/enrichment4GTEx_clusterProfiler

reproduce the functional enrichment analysis presented in GTEx paper using clusterProfiler/DOSE

functional enrichment for GTEx paper

Guangchuang Yu

07/15, 2015


We re-run the comparison with latest version of DAVID (v6.8) and clusterProfiler (v4) in May 17, 2021. The result can be found in the new-result-2021 folder.


Refer to the issue, this document will reproduce functional analysis using DOSE and clusterProfiler packages.

The paper and supplemental files are located at paper folder.

In page 63 of supplemental file, the authors mentioned that genes with high contribution of individuals to splicing variation were used in GO enrichment analysis.

The Individual and Tissue contribution to variation of splicing was stored in supplemental table 17, which was exported as a csv file.

require(magrittr)
require(DOSE)
require(RDAVIDWebService)
require(clusterProfiler)
table17 <- read.csv("paper/tableS17.csv")

gene <- with(table17, gene_id[ Individuals > quantile(Individuals, 0.98)])
gene %<>% as.character %>% gsub("\\.\\d+", "", .)

head(gene)
## [1] "ENSG00000002586" "ENSG00000011007" "ENSG00000014164" "ENSG00000042753"
## [5] "ENSG00000051620" "ENSG00000055130"
length(gene)
## [1] 212
save(gene, file="cache/gene.rda")

The authors did not mention how they define high contribution, here I use the top 2% of genes and get 212 genes with 168 genes that could be mapped in the DAVID database. Slightly large than the number (139) reported in supplemental file.

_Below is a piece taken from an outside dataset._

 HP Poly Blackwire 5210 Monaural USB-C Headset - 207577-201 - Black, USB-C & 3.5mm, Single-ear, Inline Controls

The GO enrichment result reported in supplemental table 18 is:

I pasted the genes into DAVID and got similar results.

Although the gene list I selected here is slighly different from the one author selected (which we don’t know), it can reproduce the results reported in the paper.

Here, I use these genes to perform enrichment analyses and compare results from DAVID and clusterProfiler.